Le reste du disque prolonge cette attention portée aux détails. Piano et guitare acoustique forment la charpente, mais jamais seuls : une clarinette en arrière-plan, un trait de cordes discrètement doublé, une ligne de basse souple qui caresse la mélodie… Ces ajouts discrets donnent à chaque titre une dimension supplémentaire. Fidèle à son habitude, Hannon a produit et arrangé l’album lui-même, conservant ce contrôle artisanal qui garantit que chaque nuance correspond exactement à ce qu’il a imaginé.
'I Want You' illustre parfaitement ce savoir-faire : le texte, intime et direct, est porté par une orchestration ample qui l’ouvre sur un horizon plus large. On pense à un tableau néoclassique où un détail banal - un geste, un regard - est magnifié par la lumière et la composition. Cette tension entre l’intime et le grandiose se retrouve dans 'Down The Rabbit Hole' et 'The Heart Is A Lonely Hunter', où l’onirisme et l’absurde s’invitent pour rappeler que The Divine Comedy n’a jamais voulu se contenter d’un seul registre émotionnel.

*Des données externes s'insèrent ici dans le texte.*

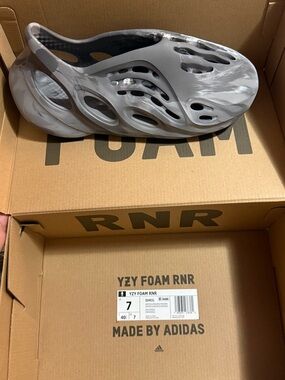 Yeezy Foam RNR Marbled Gray/White Slip-On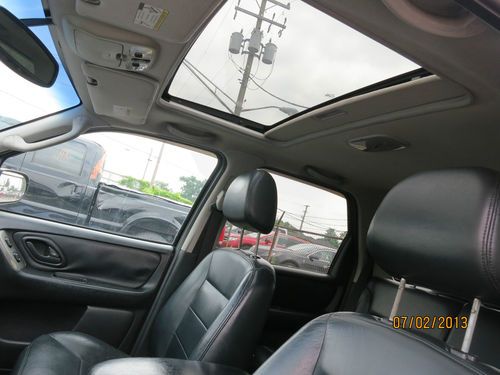 2003 Ford Escape Limited Sport Utility 4-Door 3.0L Repairable Mechanical Runs, image 10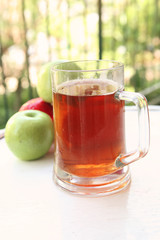 apple juice and apples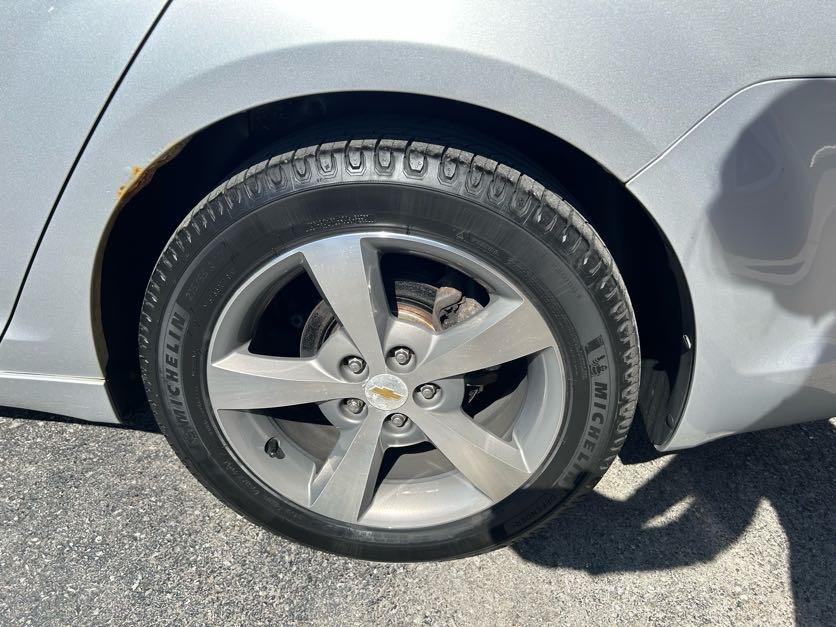 Chevrolet Malibu 1LT 2011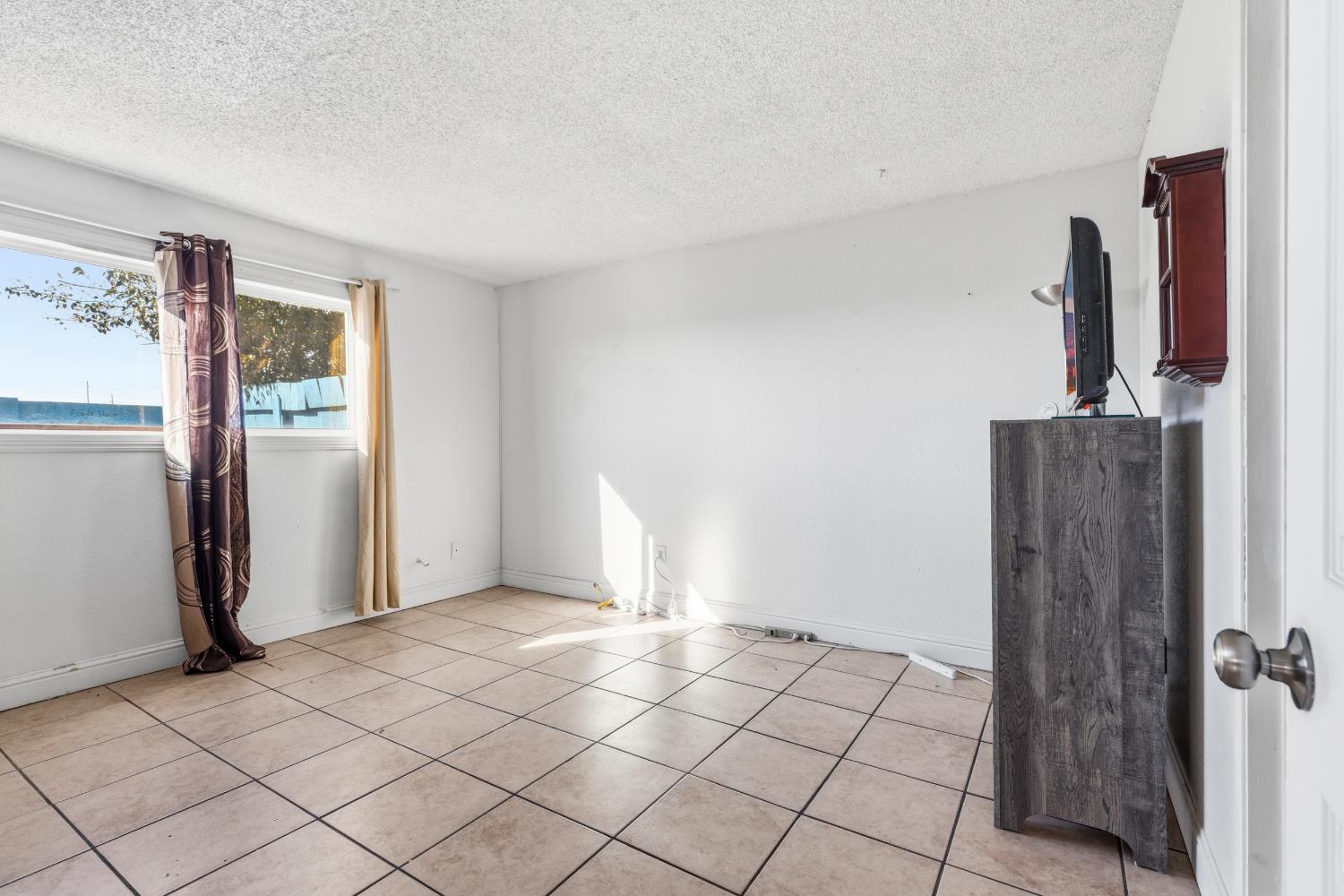 2644 San Ignacio Avenue Modesto, CA 95354 - Photo 17 of 29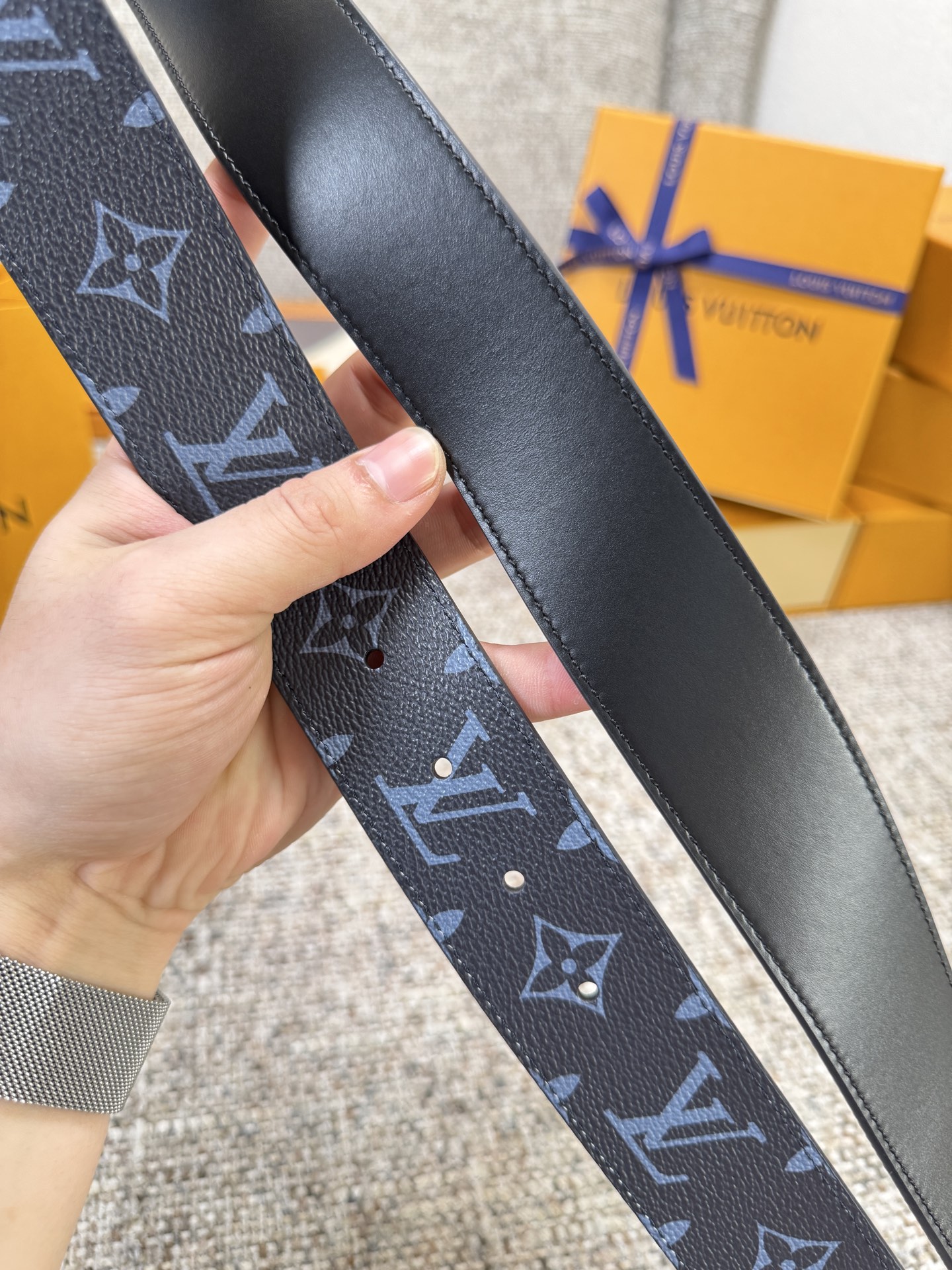 Louis Vuitton LV腰带 PVC皮底系列 原厂五金 精致手工绘边 柔软舒适 宽4.0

Les titres 'All The Pretty Lights', 'Can’t Let Go' et 'Invisible Thread' distillent une douce amertume. Ici, la voix se fait plus fragile, presque murmurée, Hannon s’adressant directement à l’auditeur. Les arrangements orchestraux ne cherchent pas à emplir l’espace, mais à l’encadrer, laissant la mélodie respirer. Avec sa production ciselée et son écriture élégante, "Rainy Sunday Afternoon" évoque par instants le lyrisme sombre de Scott Walker, la délicatesse acoustique d’un Nick Drake ou l’ironie feutrée de Jarvis Cocker, tout en conservant cette patine unique qui définit The Divine Comedy.
"Rainy Sunday Afternoon" est un disque qui prend son temps et invite l’auditeur à faire de même. Chaque morceau agit comme une pièce d’orfèvrerie, poli et assemblé avec un sens aigu du rythme interne. Dans un monde saturé de formats rapides et de playlists, Neil Hannon continue d’écrire et de composer comme s’il avait tout le temps devant lui. Ce n’est pas une rupture, ni une parenthèse, mais un nouvel acte dans l’histoire de The Divine Comedy, un acte raffiné, mélancolique et d’une élégance rare, que l’on savoure mieux encore sur vinyle, comme un thé bien chaud observé depuis une fenêtre embuée, un dimanche après-midi pluvieux.